If you're talking about disc thrashing and a very slow or unresponsive system it normally happens when you run out of memory so the system resorts to using swap. This can happen with any operating system when the physical memory is too small to support the programs runnning.
I use an Athlon XP 2400+ with 256mb ram. Maybe you're right, maybe that isn't enough RAM for Windows. Well it is for even MANDRAKE and SuSE, and of course Slackware. Running KDE, KDE, and GNOME respectivly.
I've experianced this at work with Windows 2000 and at home with Redhat Linux and at college with Knoppix.
You're using the wroooooooooooong distro
yes I admit I shouldn't have but I needed to open files created on one of our UNIX machines
Why shouldn't you have been using OpenOffice?
I run the beta on this computer, in GNOME, in Slackware, with XMMS and usually Mozilla open at the same time, and it runs like a dream.

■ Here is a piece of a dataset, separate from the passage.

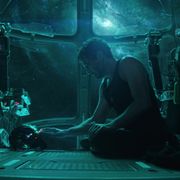 『アベンジャーズ/エンドゲーム』など注目作5選!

the machine I was using only had 128MB of RAM
Shouldn't be a problem... Oh wait, this is in Windows
OK so it could've happened on Fedora too. Or SuSE, or Mandriva. But it WOULDN'T have happened on Slackware with XFCE.
Choice is... Glorious.
and I had sereral large pictures open as well. I switched from one application to another and nothing happend so I just left the computer for 5 miniutes to calm down then I clicked the start menu and it appeared in a few miniutes then clicked shut down and it very slowly closed all the programs asking me to save each file
I've never had such an experience on any GNU/Linux distro, including Mandrake and SuSE. I've had plenty on Windows XP however, and a few on Windows 2000.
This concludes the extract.